… is from H.L. Mencken’s November 28, 1936, letter to Ezra Pound; this letter appears on pages 410-411 of Letters of H.L. Mencken (Guy J. Forgue, ed., 1961):
You made your great mistake when you abandoned the poetry business, and set up shop as a wizard in general practise. You wrote, in your day, some very good verse, and I had the pleasure, along with other literary buzzards, of calling attention to it at the time. But when you fell into the hands of those London logrollers, and began to wander through pink fogs with them, all your native common sense oozed out of you, and you set up a caterwauling for all sorts of brummagem Utopias, at first in the aesthetic region only but later in the regions of political and aesthetic baloney. Thus a competent poet was spoiled to make a tinhorn politician.

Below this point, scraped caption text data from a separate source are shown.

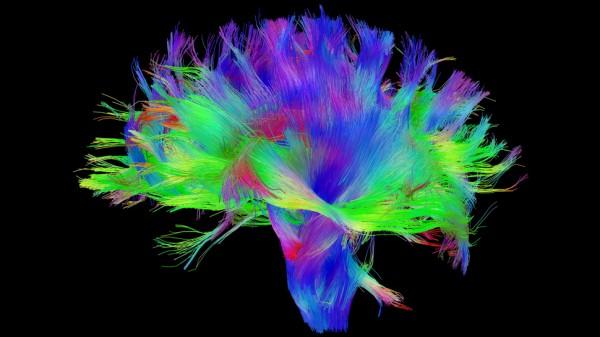 conexos neurais cerebro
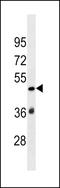 SP140 Nuclear Body Protein Like antibody, LS-C159066, Lifespan Biosciences, Western Blot image 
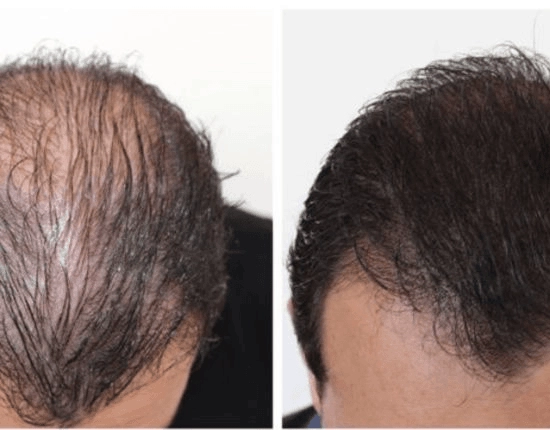 Redensificación Hombres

DBx: Persons who become famous for being extraordinarily talented at, or successful in, their respective crafts often come to suffer the delusion that they are called upon, and competent to, save humanity from grave threats. These threats are sometimes real; far more frequently they are imagined, or at least grossly overblown.

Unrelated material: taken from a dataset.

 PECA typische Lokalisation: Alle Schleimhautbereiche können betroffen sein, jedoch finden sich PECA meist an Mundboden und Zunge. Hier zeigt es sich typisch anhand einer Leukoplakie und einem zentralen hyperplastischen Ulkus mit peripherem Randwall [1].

Yet what is never real is the competence of these delusional celebrities to recommend or to superintend the re-engineering of society. Such a task is impossible for any human or committee or congress to carry out successfully. And so success at performing some tiny task – for every truly successful and productive person achieves that success only by performing some tiny task – never qualifies someone to play god with society.
…..
I take this opportunity to publicly thank my friend Mike Stetson for giving to me, as a gift back in 2008, a copy of Mencken’s Letters. Thanks Mike! Thirteen years later I remain deeply touched by your thoughtfulness.